### ENTRIES PROVIDED
- Opening Delimiter -

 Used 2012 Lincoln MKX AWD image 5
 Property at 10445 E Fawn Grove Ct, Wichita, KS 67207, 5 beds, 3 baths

- Closing Delimiter -
- Opening Delimiter -

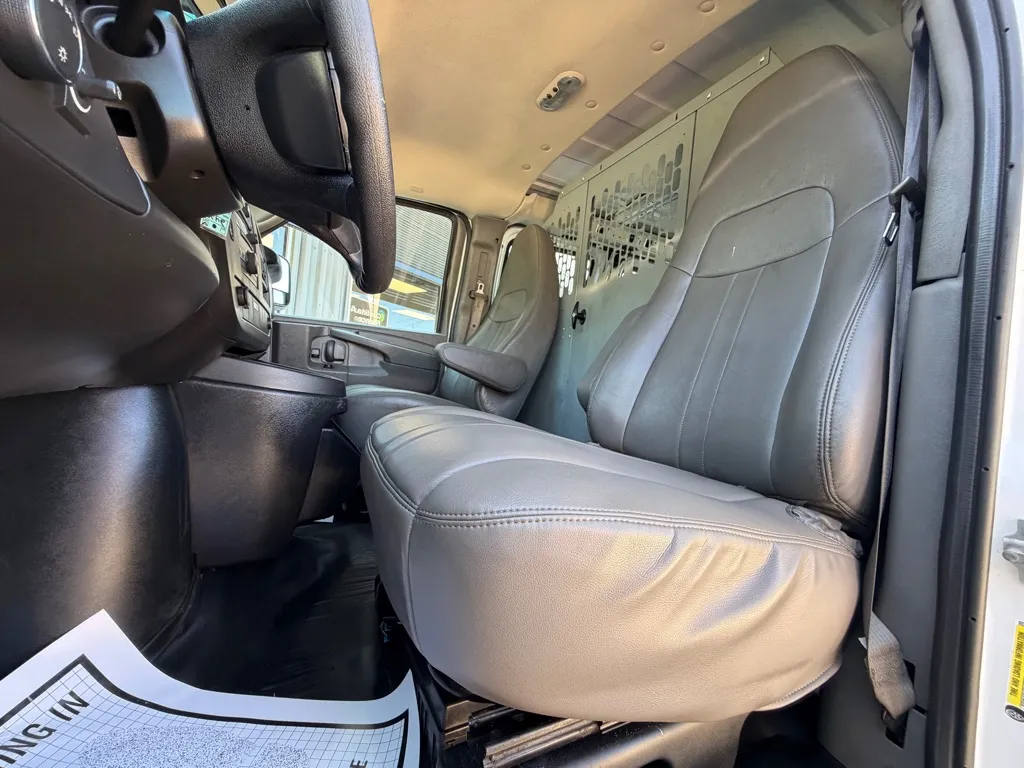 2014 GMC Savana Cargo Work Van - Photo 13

- Closing Delimiter -

### WORK TO COMPLETE
The lines above from the one with "Used 2012 Lincoln MKX AWD image 5" through the one with "Property at 10445" are to be duplicated exactly, ends included, with nothing added.

### WRITTEN RESPONSE
 Used 2012 Lincoln MKX AWD image 5
 Property at 10445 E Fawn Grove Ct, Wichita, KS 67207, 5 beds, 3 baths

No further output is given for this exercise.